Given any general n-gon, what is the minimum number of vertex angles that sweep the whole area of the polygon?

That is to say, what should be the least number of vertices a person has to stand at in order to look at the whole area of the n-gon?

Answer 1

This is known as the Art gallery problem.

For a simple $n$-gon, it has been proven that you can always select a set of $\left\lfloor\tfrac{n}{3}\right\rfloor$ vertices such that every point in the $n$-gon is viewable from one of these vertices. There are simple $n$-gons for which selecting $\left\lfloor\tfrac{n}{3}\right\rfloor$ vertices is necessary, that is we cannot select a smaller set of vertices, and still view every point from one of the selected vertices. For example, in the polygon shown in the first image here, no camera can see more than one of the triangular prongs, so $\left\lfloor\tfrac{n}{3}\right\rfloor$ vertices are needed. You can create an example for any $n = 3k$ by having $k$ prongs instead of $4$. For any $n = 3k+1$ or $n = 3k+2$, use $k$ prongs and chop off $1$ or $2$ of the bottom corners.

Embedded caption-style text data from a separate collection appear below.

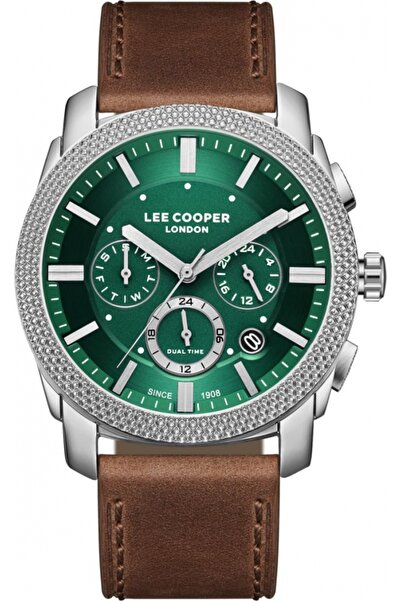 Lee Cooper LC08178.374 ceas de modă pentru bărbați — verde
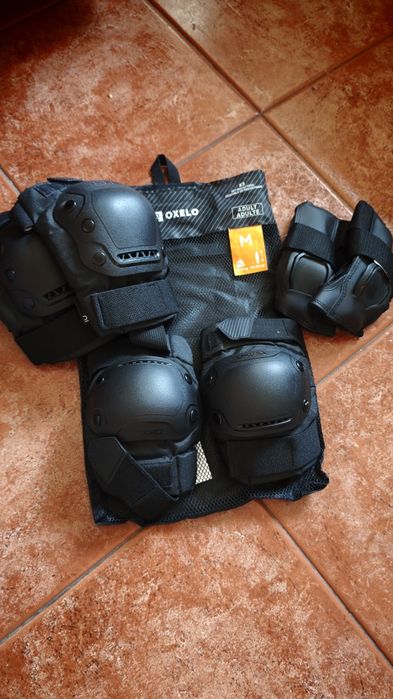Skate Longboard/Kit de proteção e capacete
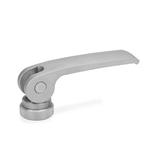 Stainless Steel Clamping Levers with Eccentrical Cam, Tapped Type, with Stainless Steel Contact Plate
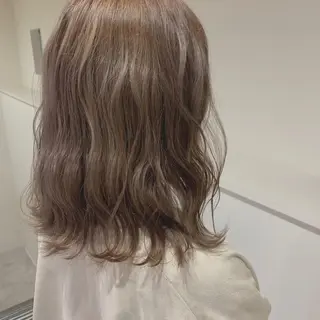 ミディアム カラー 清水 亮太／赤み消しカラーのヘアスタイル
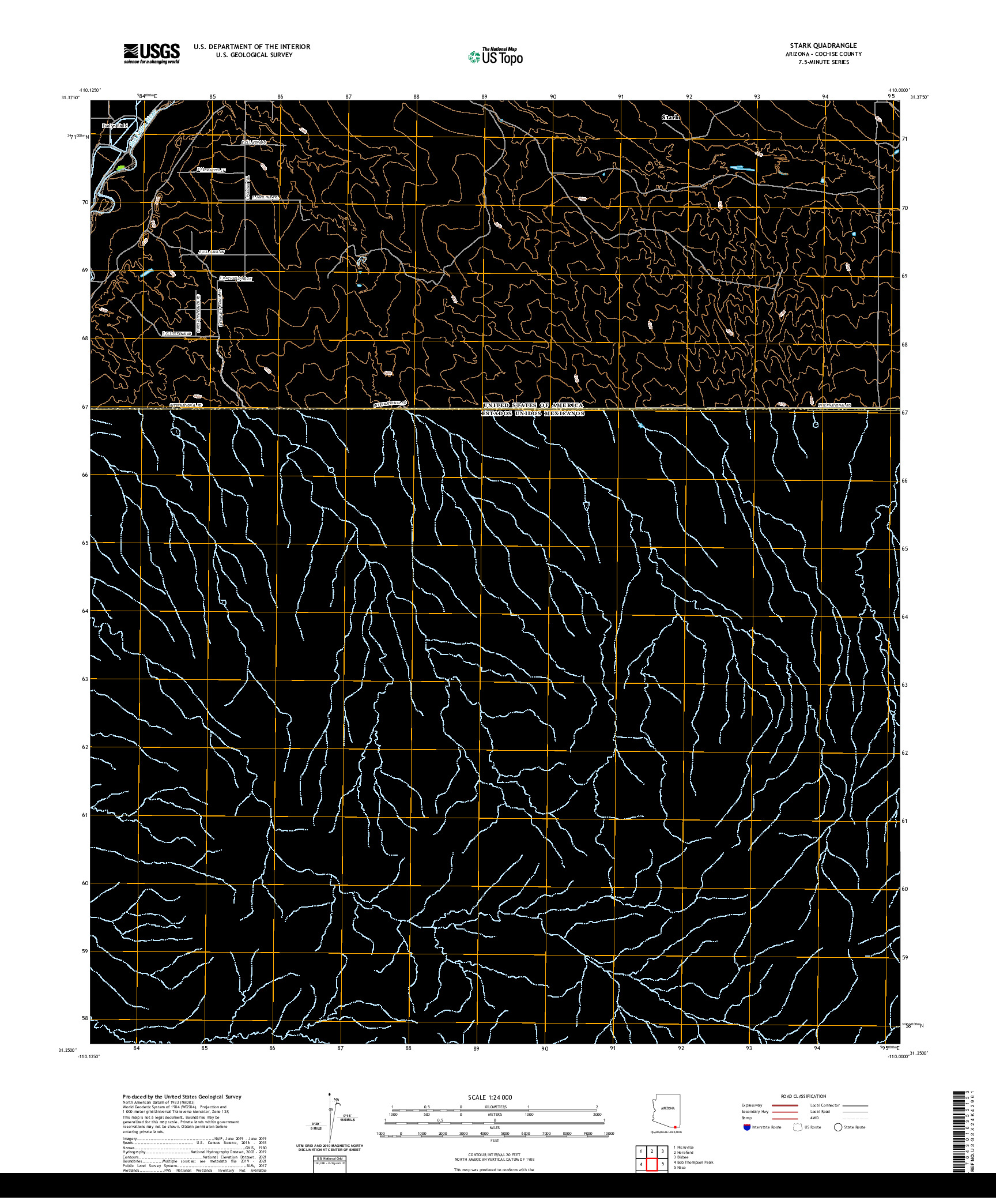 US TOPO 7.5-MINUTE MAP FOR STARK, AZ,SON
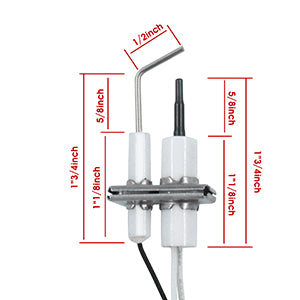 MENSI Flame Rod Sensor Igniter 24V Replacements For Honeywell Model Q3400A1024/U Q3450, Q3620, Q3480, R42640-001 Used For SV9500M Valve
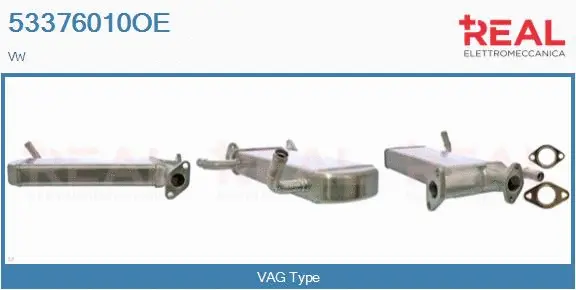 Cooler, exhaust gas recirculation (53376010OE)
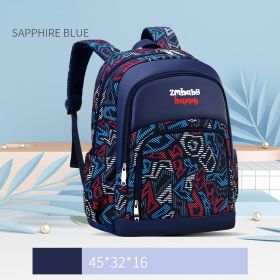 Sesame Baby Korean Elementary School Schoolbag (Option: Sapphire blue-L)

There are other extensions of this problem, for which nice results are known. If all the angles in the $n$-gon are $90^{\circ}$ or $270^{\circ}$, then only $\left\lfloor\tfrac{n}{4}\right\rfloor$ vertices are needed. Also, if a simple $n$-gon has $h$ interior "holes" for which we cannot see through, then $\left\lfloor\tfrac{n+h}{3}\right\rfloor$ vertices are needed.